Konzernleitungsmitglieder hatten das Nachsehen

Stärker als die Chefs bekamen aber die anderen Konzernleitungsmitglieder schlechtere Unternehmenszahlen im Portemonnaie zu spüren. Im Vergleich zum Vorjahr sanken die durchschnittlichen Bezüge für Konzernleitungsmitglieder (ohne CEO) um 6 Prozent, während die Chefgehälter um 5 Prozent stiegen.

Ein Beispiel: Während Paul Bulcke in seinem letzten Jahr auf dem Nestlé-Chefposten dank höheren Pensionskassenzahlungen 0,4 Prozent mehr verdiente, wurden die Gehälter seiner Konzernleitungskollegen im Schnitt um 14 Prozent gekürzt.

Allerdings lassen sich die Löhne aufgrund von Wechseln im Management nicht eins zu eins vergleichen. Überhaupt ist beim Vergleich Vorsicht geboten: Ein Teil der Bezahlung erfolgt häufig in Aktien. Da diese meist für einige Jahre gesperrt sind und somit erst zeitverzögert zu Geld gemacht werden können, hängt ihr Wert von der Berechnungsmethode ab.

Minder-Intiative ohne Wirkung

Eine generelle Tendenz lässt sich gleichwohl aus den Statistiken ableiten. Diese zeigt, dass sich die Höhe der Löhne kaum substanziell verändert hat - obwohl die Schweizer Stimmbürger 2013 die sogenannte «Abzockerinitiative» des heutigen Schaffhauser Ständerats Thomas Minder angenommen haben.

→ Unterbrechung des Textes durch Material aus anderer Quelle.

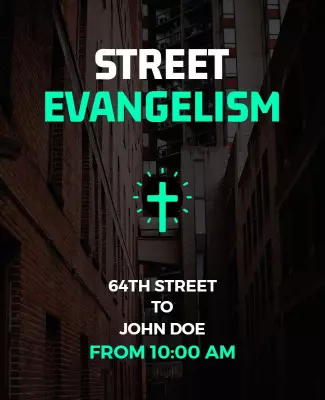 Urban Faith-Based Street Evangelism Community Poster Template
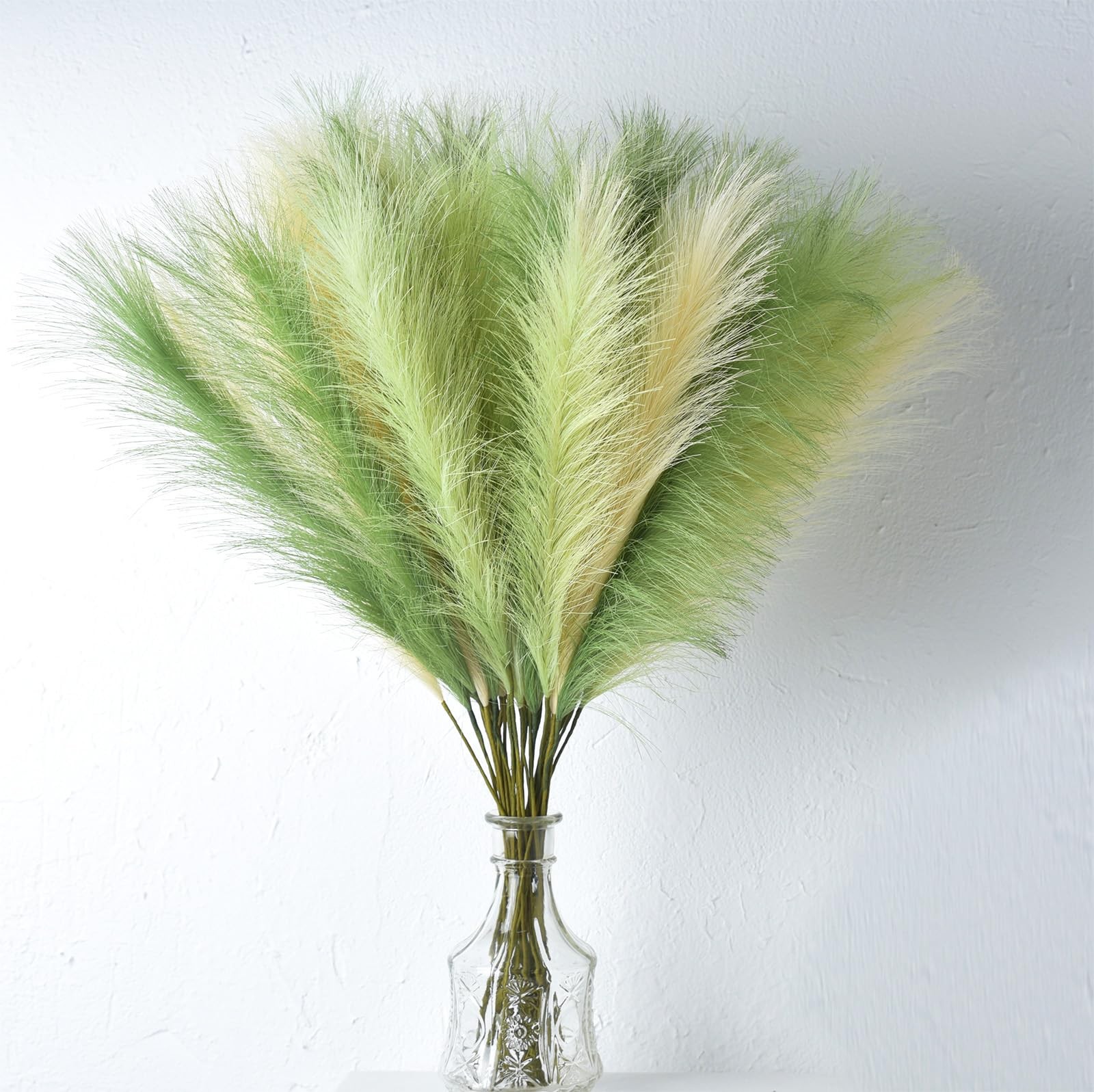 LSKYTOP Green Pampas Grass Decor,23Inch 12pcs Faux Pampas Grass Bouquets Arti…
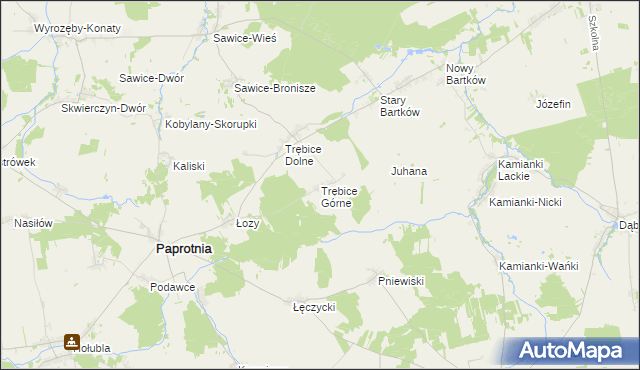 mapa Trębice Górne, Trębice Górne na mapie Targeo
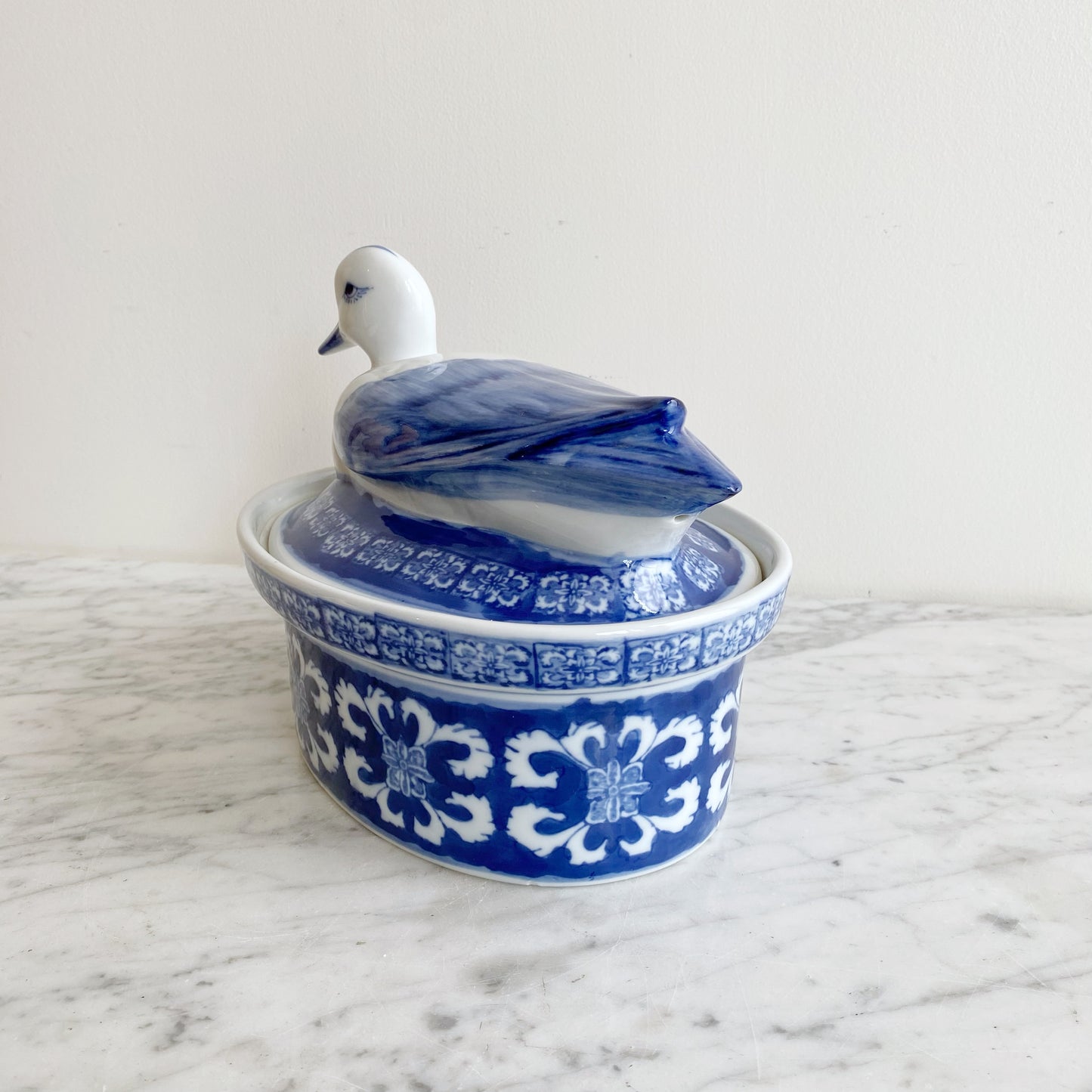 Vintage Hand-painted Porcelain Duck Tureen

Tatsächlich verdienten die SLI-Konzernchefs im Schnitt 2016 sogar mehr als 2012, im Jahr vor der Abstimmung. 13 Unternehmen zahlten höhere Cheflöhne. Bei vielen davon handelt es sich um stark gewachsene Konzerne.

Beispielsweise führt Dufry-Chef Julián Díaz heute ein Unternehmen, das mehr als doppelt so viel Umsatz und beinahe dreimal so viel Gewinn (ohne Sondereffekte) erzielt als noch 2012. Díaz' Bezüge stiegen in dieser Zeit um das Dreifache.

Der Zementriese Holcim wurde durch die Fusion mit Lafarge zu einem noch grösseren Giganten. Chef Eric Olsen verdient fast doppelt so viel wie Holcim-Chef Bernard Fontana vier Jahre zuvor.

Nur eine happige Einbusse

Auf der anderen Seite gab es leichte Einbussen bei den Topverdienern von Novartis, Roche, ABB, Nestlé und Julius Bär. Unter den langjährigen Firmenchefs musste indes nur einer eine starke Einbusse hinnehmen: Clariant-Chef Hariolf Kottmann verdient mit 5,9 Millionen Franken über ein Fünftel weniger als vier Jahre zuvor.

Kottmanns Lohn hatte vor allem im Vorfeld der Abzockerinitiative zu reden gegeben; 2012 strich der Clariant-Chef insgesamt 7,4 Millionen Franken ein. 1,5 Millionen Franken davon bekam er als Sonderzahlung für die Integration der Süd-Chemie. Ein Jahr später verzichtete Kottmann freiwillig auf eine gleich hohe zweite Tranche und verdiente somit wieder deutlich weniger.